Posted by: Keith Wiley at October 9th, 2015 2:39 PM

I'm pleasantly surprised at the number of comments agreeing with the proposition that a duplicate of you is not you (consider identical twins) but this isn't the main problem with mind-uploading.

At best, all you're doing is measuring brain activity and building a program whose equations generate the same data. This program does not instantiate mind - there are no electrical fluctuations - it's just a generator of numbers in the form of the binary state of registers in the computer.

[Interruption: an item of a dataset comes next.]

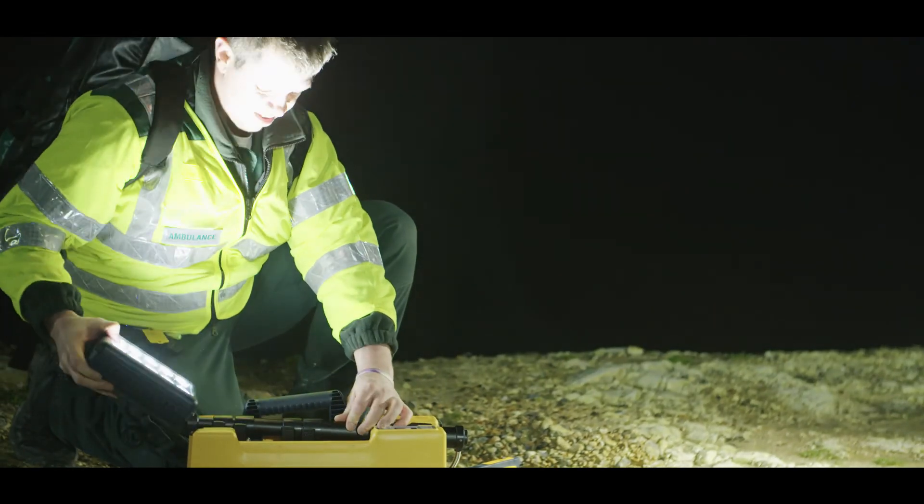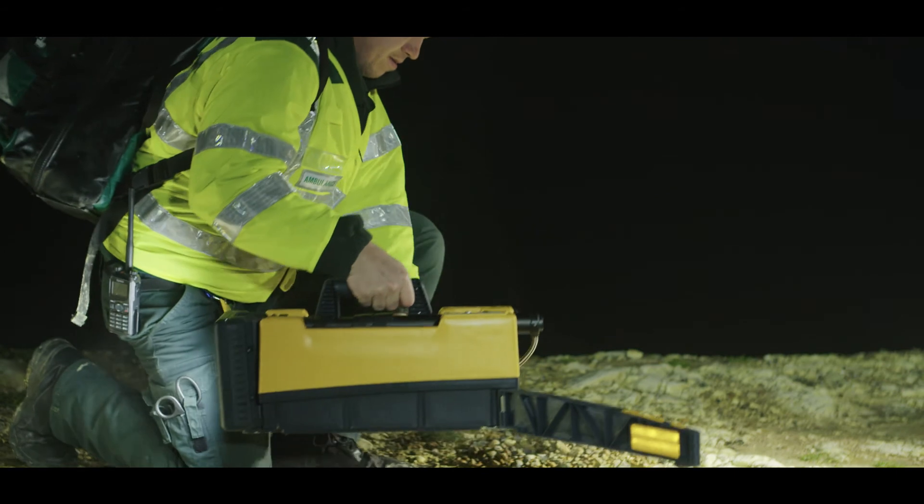The Solaris Pro and our other products all pack away quickly, allowing you to get to the next job fast.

Posted by: Dr Richard Wilson at November 7th, 2015 12:49 PM

What is the goal? A longer happier life full of bliss? (Heaven on earth) Continuity of identity? Awareness of identity comes through consciousness and memory. When unconscious then awakening identity is reset. Memories help to maintain identity but consider the case of amnesiacs or someone waking from a coma. If your connectome could be replicated with sufficient resolution ( say unknowingly) in a replicated body (for arguments sake) would you not feel like yourself? How could you tell without any other information. When you fall asleep and wake up you are not the same yet you do have continuity through memory. Is not downloading essentially the same but just differing in physical substrate?

Posted by: george at April 28th, 2016 10:48 PM

Seems to me that quality is more important than quantity. If identity is an emergent phenomenon then what does it matter as long as there is quality.